(Caption-style text data)
=======
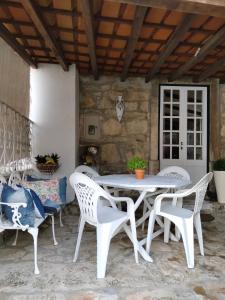 a white table and chairs on a patio at Casa de Chanca in Penela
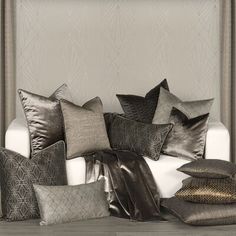 a bunch of pillows sitting on top of a white couch in front of a wall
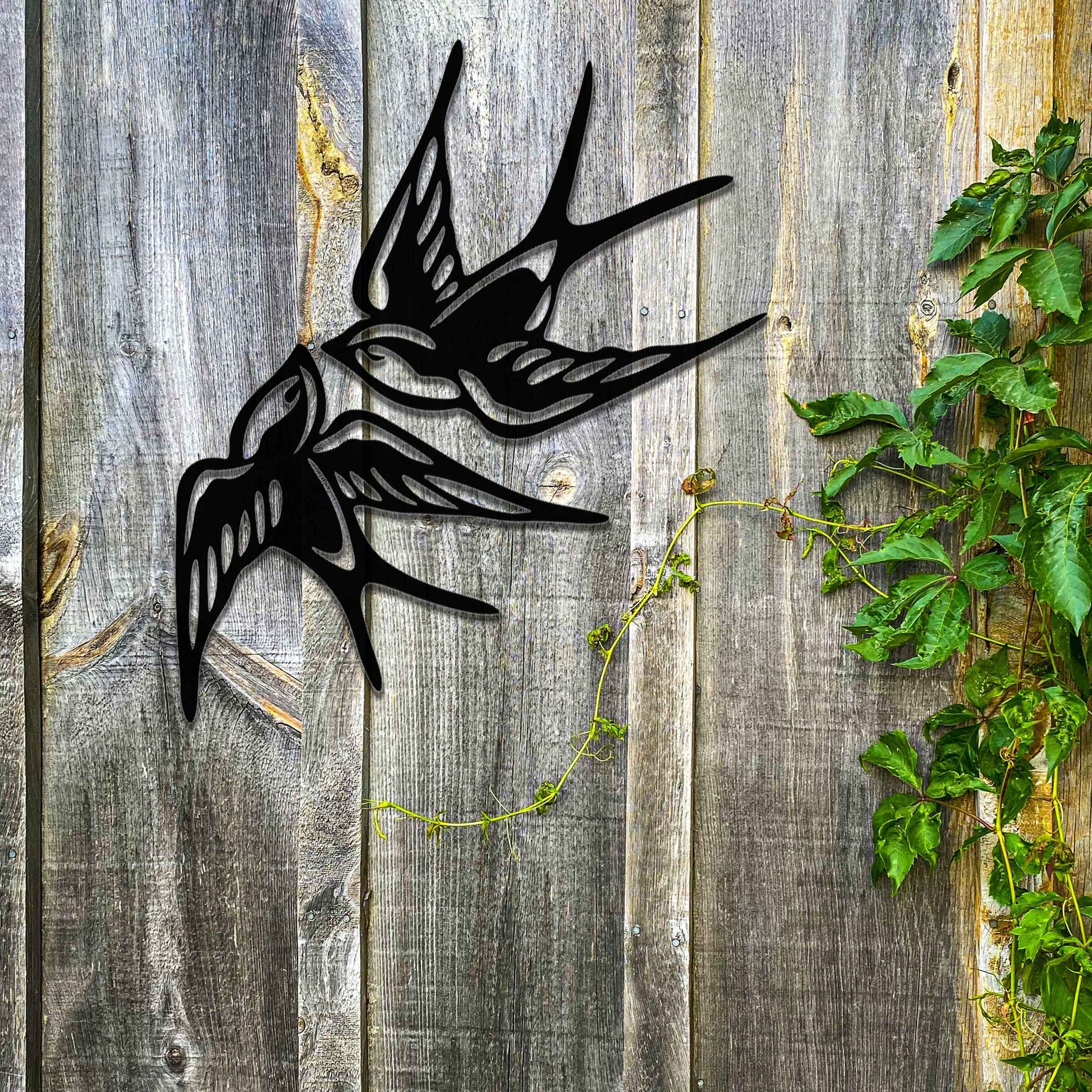 Metal garden decoration featuring a pair of swallows in flight, crafted with intricate detailing and a rustic finish, adding a graceful and timeless charm to outdoor walls or garden spaces.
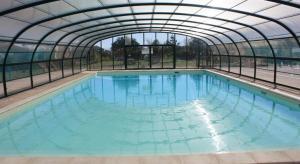 a large swimming pool with a glass tunnel at chez Sabine et Bertrand in Beynat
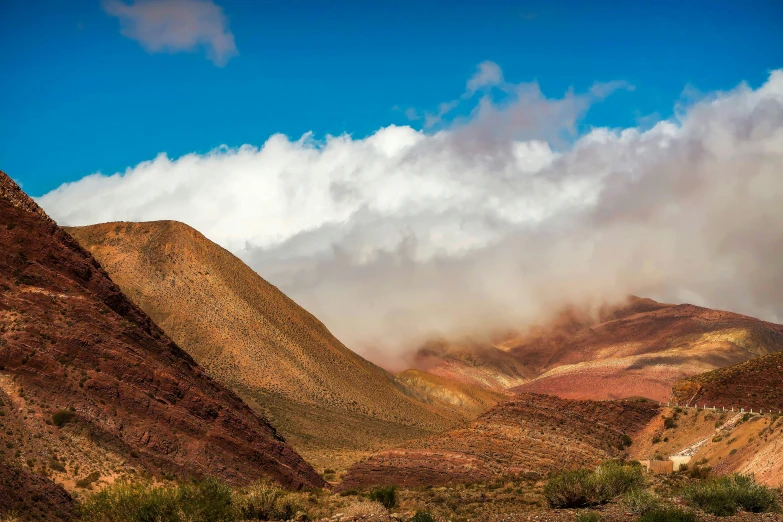 some mountains with a lot of cloud covering them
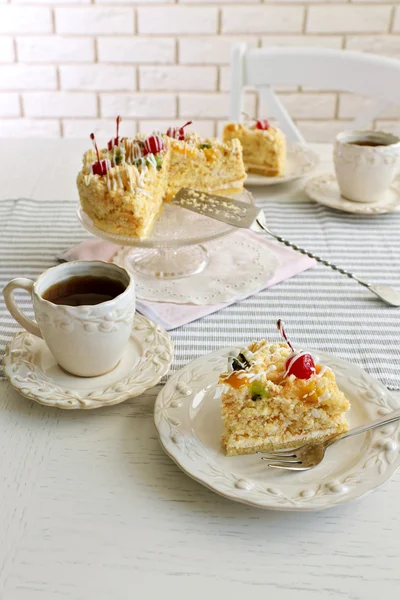 Butter cake on plate, tea cups — Stock Photo, Image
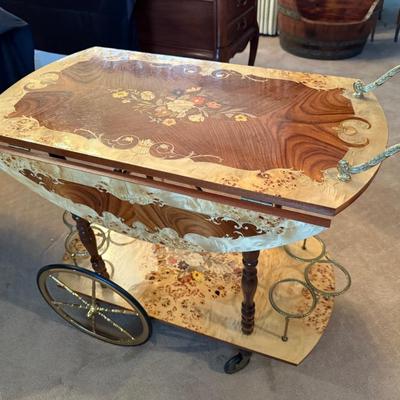 Vintage wood inlaid rolling teacart w/drop sides believe made in Italy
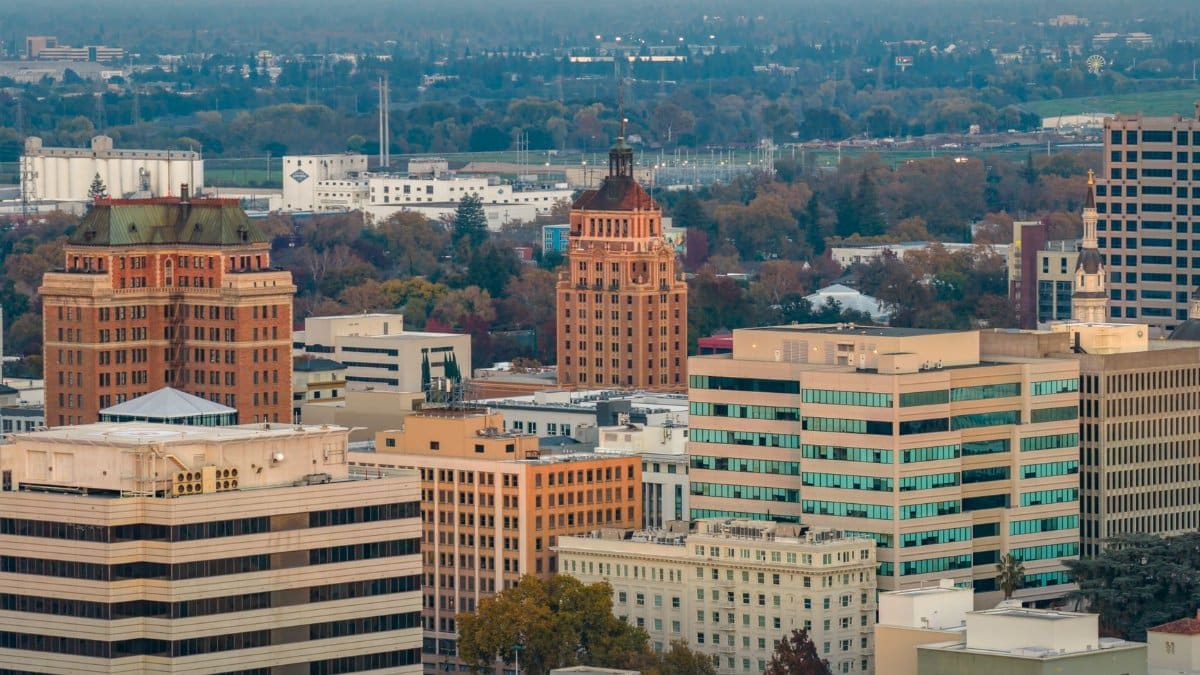 Aerial shot of downtown Sacramento, showcasing iconic buildings and autumn foliage at sunset.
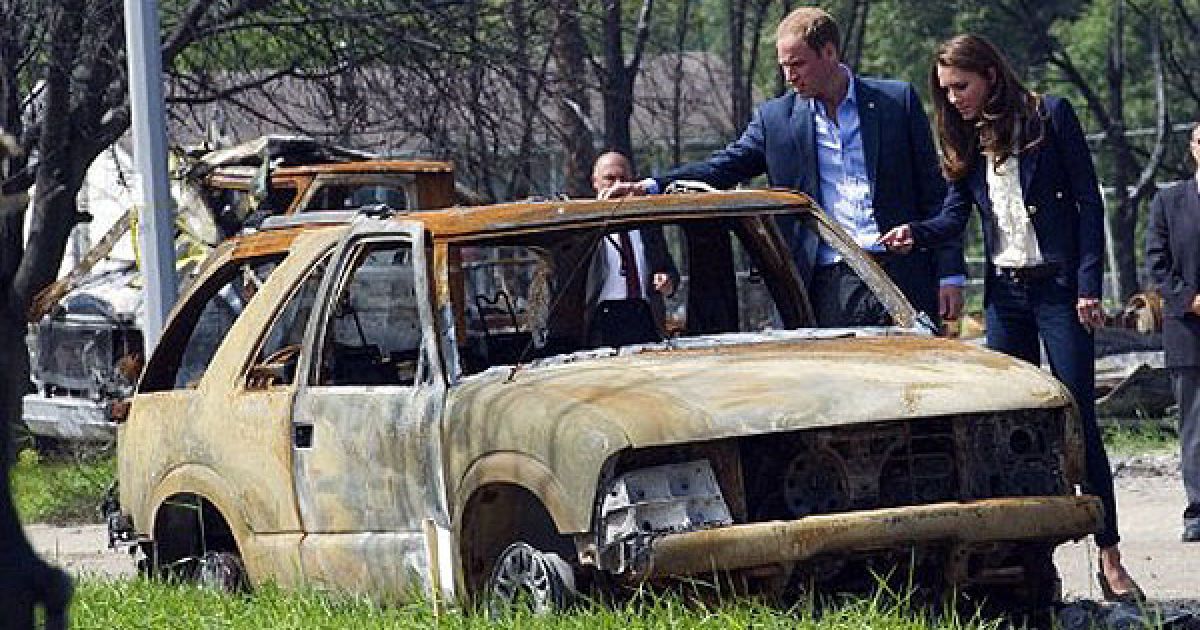 Канада, Слейв Лейк. Британський принц Вільям зі своєю дружиною Кейт, герцогинею Кембриджською, роздивляються пошкоджений автомобіль під час візиту до міста Слейв Лейк, зруйнованого в результаті лісової пожежі. / © AFP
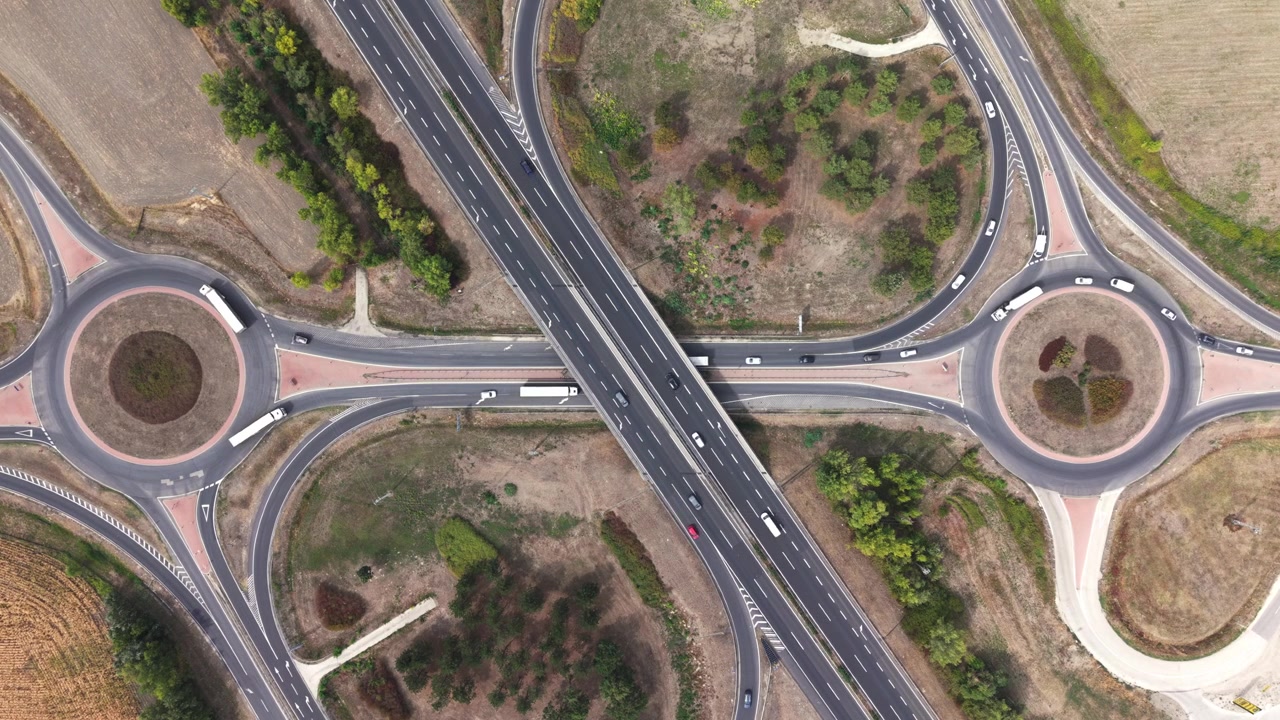 Top-down aerial view of a divided highway crossing a local road between two roundabouts, with cars and trucks traveling through the junction.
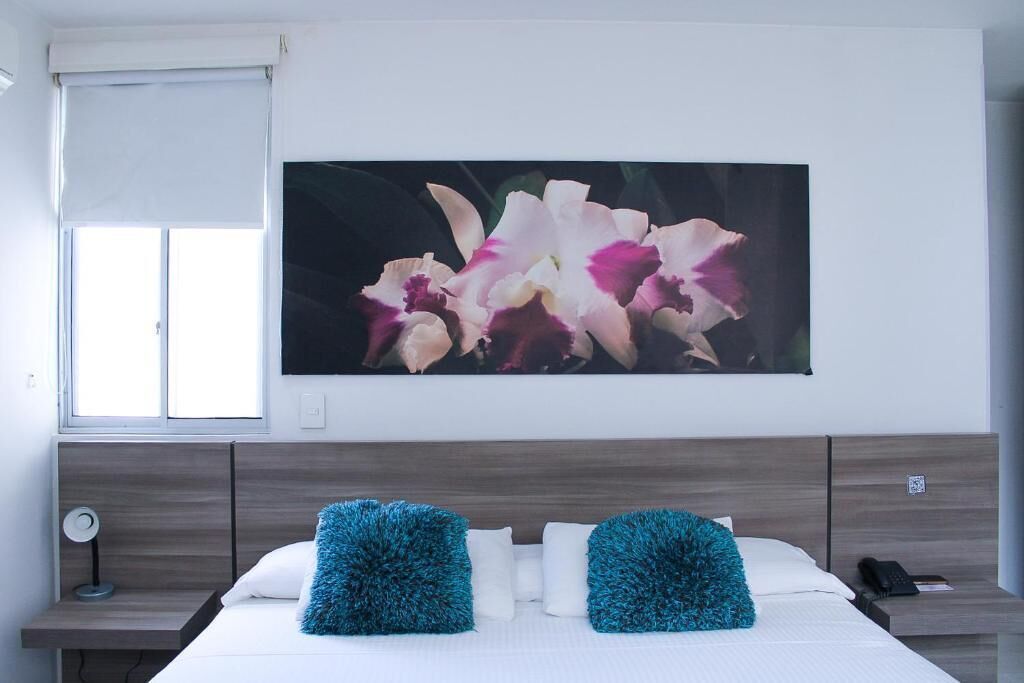 A bedroom with a bed, two pillows, a nightstand, a lamp, and a wall-mounted picture of flowers.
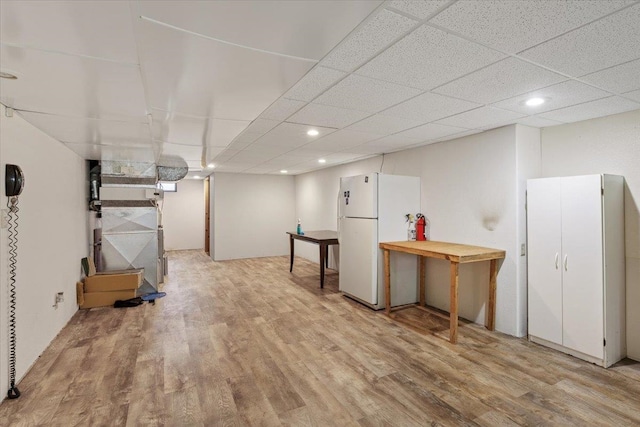 basement featuring a drop ceiling, light hardwood / wood-style flooring, and white refrigerator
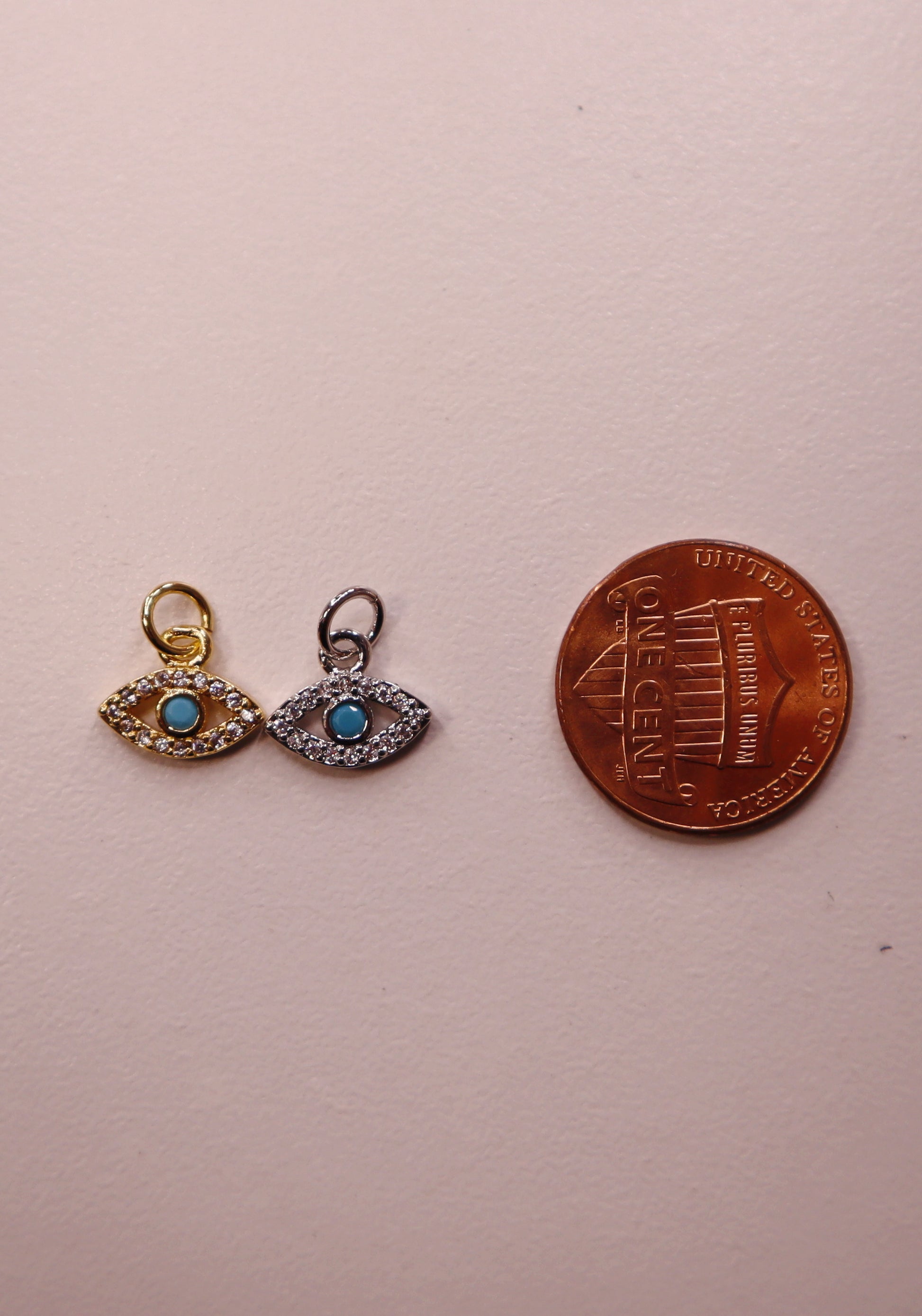 Two evil eye-shaped charms with turquoise stones next to a penny on a light pink background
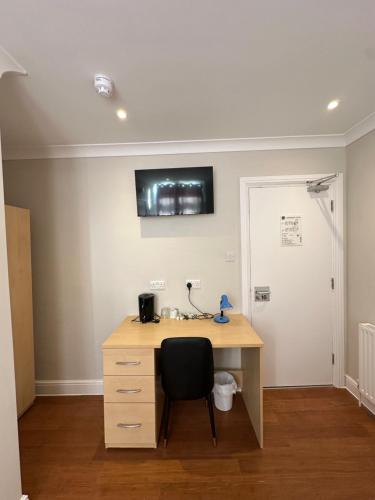 a desk with a chair in a room at Cavendish Hotel in High Wycombe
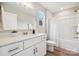 Well-lit bathroom with a vanity, mirror, and a shower-tub combo at 384 Speedway Pl, Concord, NC 28027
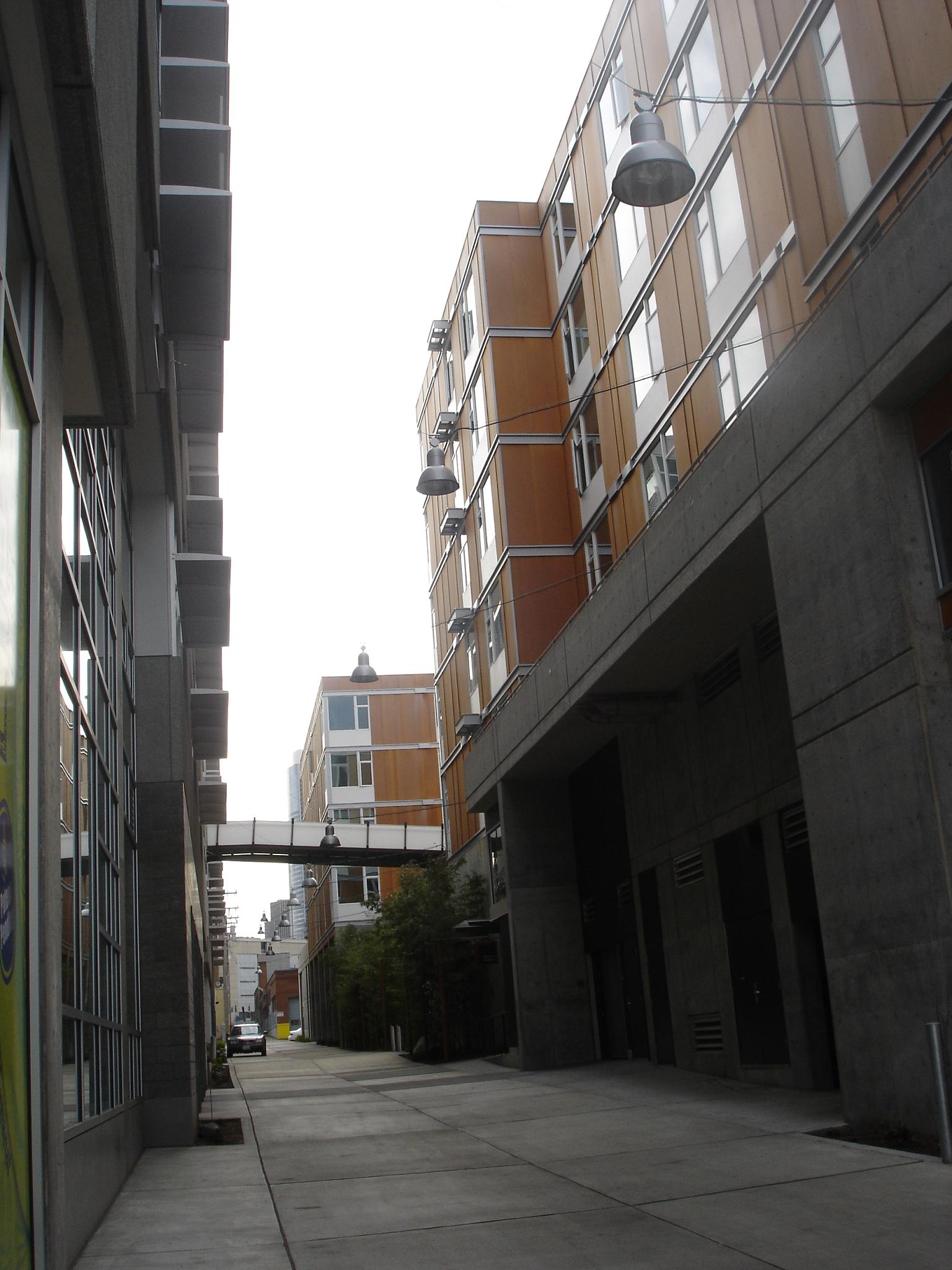 a street with multiple story buildings lining the road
=======
**TASK STATEMENT**
Repeat all of the records verbatim, leaving out the pictures.

**SOLVED EXERCISE**
 a white table and chairs on a patio at Casa de Chanca in Penela
 a bunch of pillows sitting on top of a white couch in front of a wall
 Metal garden decoration featuring a pair of swallows in flight, crafted with intricate detailing and a rustic finish, adding a graceful and timeless charm to outdoor walls or garden spaces.
 a large swimming pool with a glass tunnel at chez Sabine et Bertrand in Beynat
 some mountains with a lot of cloud covering them
 Butter cake on plate, tea cups — Stock Photo, Image
 Vintage wood inlaid rolling teacart w/drop sides believe made in Italy
 Aerial shot of downtown Sacramento, showcasing iconic buildings and autumn foliage at sunset.
 Канада, Слейв Лейк. Британський принц Вільям зі своєю дружиною Кейт, герцогинею Кембриджською, роздивляються пошкоджений автомобіль під час візиту до міста Слейв Лейк, зруйнованого в результаті лісової пожежі. / © AFP
 Top-down aerial view of a divided highway crossing a local road between two roundabouts, with cars and trucks traveling through the junction.
 A bedroom with a bed, two pillows, a nightstand, a lamp, and a wall-mounted picture of flowers.
 basement featuring a drop ceiling, light hardwood / wood-style flooring, and white refrigerator
 Two evil eye-shaped charms with turquoise stones next to a penny on a light pink background
 a desk with a chair in a room at Cavendish Hotel in High Wycombe
 Well-lit bathroom with a vanity, mirror, and a shower-tub combo at 384 Speedway Pl, Concord, NC 28027
 a street with multiple story buildings lining the road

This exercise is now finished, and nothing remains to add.